W zasadzie to bohaterów było dwóch. Po pierwsze Karol Niemczycki. Golkiper Cracovii jeszcze przed przerwą fantastycznie wybronił uderzenie Daniego Ramireza. Kilka minut później starcie z młodym golkiperem przegrał Vasyl Kravets. W dodatku koncert 21-latka trwał również w drugiej odsłonie. Patentu na bramkarza Cracovii nie znaleźli Michał Skóraś oraz Mihael Ishak i w pewnym stopniu zadecydowali o remisie Lecha. Aczkolwiek i o tym mogliby zapomnieć, gdyby nie trzeźwy umysł Mohammada Awada. Napastnik "Kolejorza" trafił na cztery minuty przed upływem regulaminowego czasu gry, dzięki czemu zapewnił punkt gospodarzom.
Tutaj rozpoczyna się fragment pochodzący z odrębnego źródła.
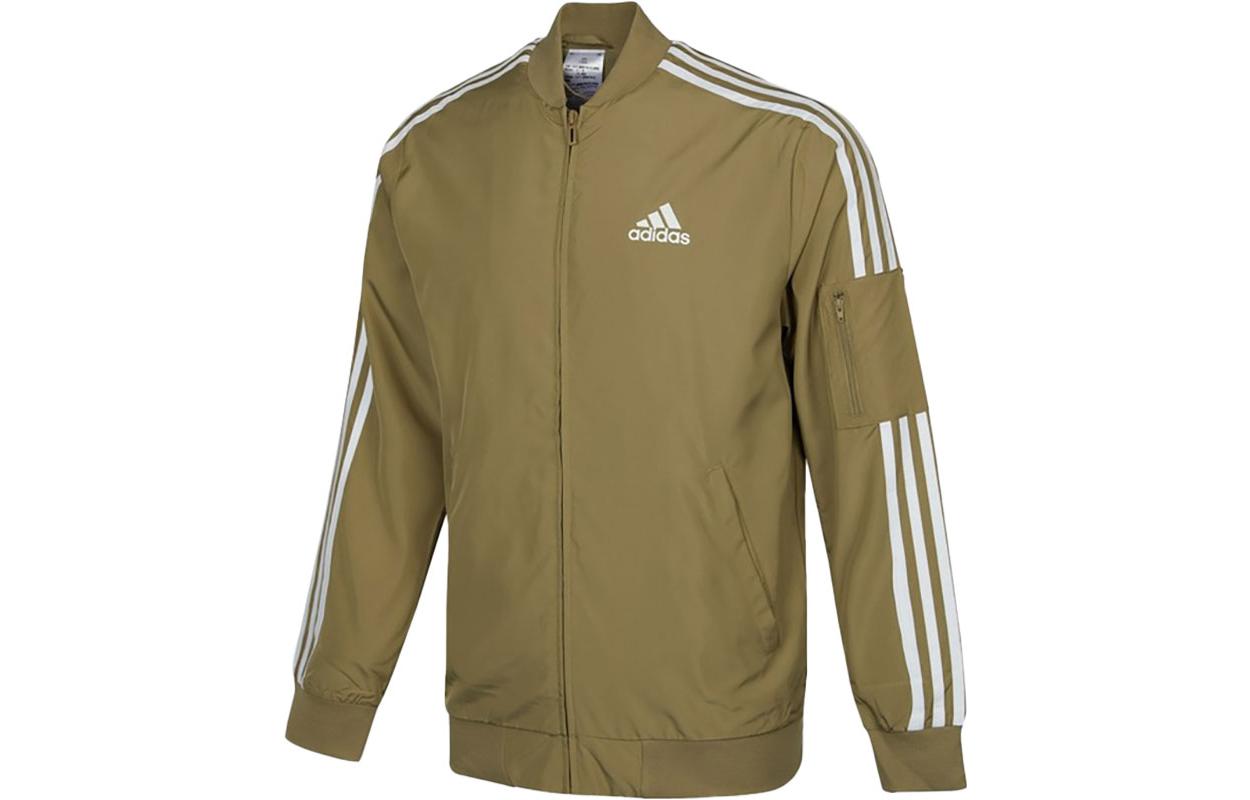 adidas Military Green Track Jacket with Classic 3-Stripes & Logo Print H31120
Bardzo obiecujące wejście do ligi kolegi Niemczyckiego.
— Damian Smyk (@D_Smyk) October 25, 2020
Lech Poznań 1:1 Cracovia (86' Awad - 30' van Amersfoort)
Lech: Bednarek - Czerwiński, Satka, Crnomarković, Kravets - Muhar (46' Kamiński), Moder, Ramirez (64' Awad), Marchwiński, Skóraś (63' Puchacz) - Kaczarawa (46' Ishak)
Cracovia: Niemczycki - Rapa, Szymonowicz, Rodin, Gardawski - Zaucha (57' Diego), Sadiković, Dimun, Amersfoort - Piszczek (57' Thiago), Alvarez (90+1' Loshaj)
Jednak nie tylko remisem Lecha żyła dziś Ekstraklasa. Poza podziałem punktów ze strony "Kolejorza" z ich kompletu cieszyli się zawodnicy Rakowa Częstochowa. Taki rozwój zdarzeń nie powinien jednak nikogo dziwić. Częstochowianie od momentu porażki z Legią Warszawa – na inaugurację rozgrywek – są nie do zatrzymania. Na przestrzeni dwóch miesięcy odnieśli sześć zwycięstw. W międzyczasie zremisowali z Cracovią i podążając w kierunku szczytu, powiększyli przewagę nad resztą stawki. To zrobili zresztą i dziś. Za sprawą dwóch bramek Iviego Lopeza uporali się ze Stalą Mielec, ostatecznie wygrywając (2:1). W końcówce odpowiedział jeszcze Maciej Domański, lecz na odrabianie strat było za późno, a komplet punktów pozostał w Częst... to znaczy Bełchatowie.